David Crosby – If I Could Only Remember My Name
Released February 22nd, 1971 on Atlantic Records
Produced by David Crosby
Peaked at #12 US, #12 UK
Singles:
“Music Is Love” (#95)
“Orleans” (#101)
David Crosby (recently referred to by Phoebe Bridgers as “a little bitch”) always seemed like the odd man out in Crosby, Stills, Nash and Young despite having top billing in the name. Stephen Stills and Neil Young were both in Buffalo Springfield, which broke up; Graham Nash left the Hollies to play with them, despite their commercial success. Crosby got kicked out of his band, The Byrds, for a variety of reasons: being a total drag to work with was one, but also his on-stage discussion at the Monterey Pop Festival that JFK’s assassination was a conspiracy and his insistence on writing songs like “Triad” (a steamy ode to threeway sex that would later be covered by the Jefferson Airplane). His new group was a major success but the sudden death of his girlfriend Christine Hinton in a car crash in 1969 led him to mire himself in deepening self-abuse, becoming addicted to drugs and, if the tales of CSNY’s tours in the early 1970s are to be believed, endless casual sex. As such, he skipped out on a lot of the mixed success that his bandmates had as solo artists through the remainder of the decade. His sole solo contribution was If I Could Only Remember My Name, released fifty years ago at the height of CSNY’s powers.

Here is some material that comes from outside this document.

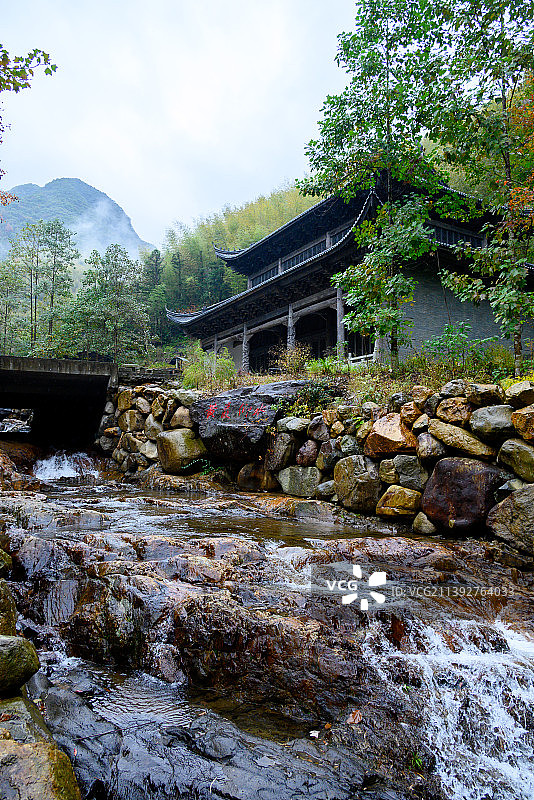 浙江省台州市黄岩区黄岩大瀑布，浙南罕见的天然瀑布群图片素材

It was panned at the time; Rolling Stone was unfavourable in their review and Christgau’s writeup in the Village Voice called it “disgraceful” and challenged his readers to come up with new names for David Crosby (like “Rocky Muzak”). Compared to CSNY records and some of the solo records his bandmates were putting out it’s meandering and uneven, seeming to take the long way around to say something, even if it was difficult to put a pin in exactly what. Time has been much more kind to it, however. The freak folk/New Weird America movement that crawled up out of 2003-2004 to bring us such acts as Bonnie “Prince” Billy, Devendra Banhart, and Animal Collective retconned a number of albums from the deep past that had been shoved aside at the time. One of those albums was If I Could Only Remember My Name, brought back to life by a collective of people for whom stoned psych-folk wasn’t just okay, it was life. The presence of spiritual father Jerry Garcia on several songs (most notably in the guitar work on the eight-minute epic “Cowboy Movie”) doesn’t hurt this at all, of course. Neither do appearances by Grace Slick, Phil Lesh, Joni Mitchell, and his CSNY bandmates. In a sense the album is a summit of the top minds of freaky California in the early 1970s, and as such the amiable wander the album takes is an inevitability. Do as its creator intended and spin a couple up before you put it on.
Also, as an aside, the Vatican’s official newspaper L’Osservatore Romano put out a list of the ten best pop albums and If I Could Only Remember My Name came in second, topped only by Revolver. This was Ratzinger’s Vatican and not Francis’. Did the writer know about all the *gestures vaguely toward David Crosby*? They had to have, right?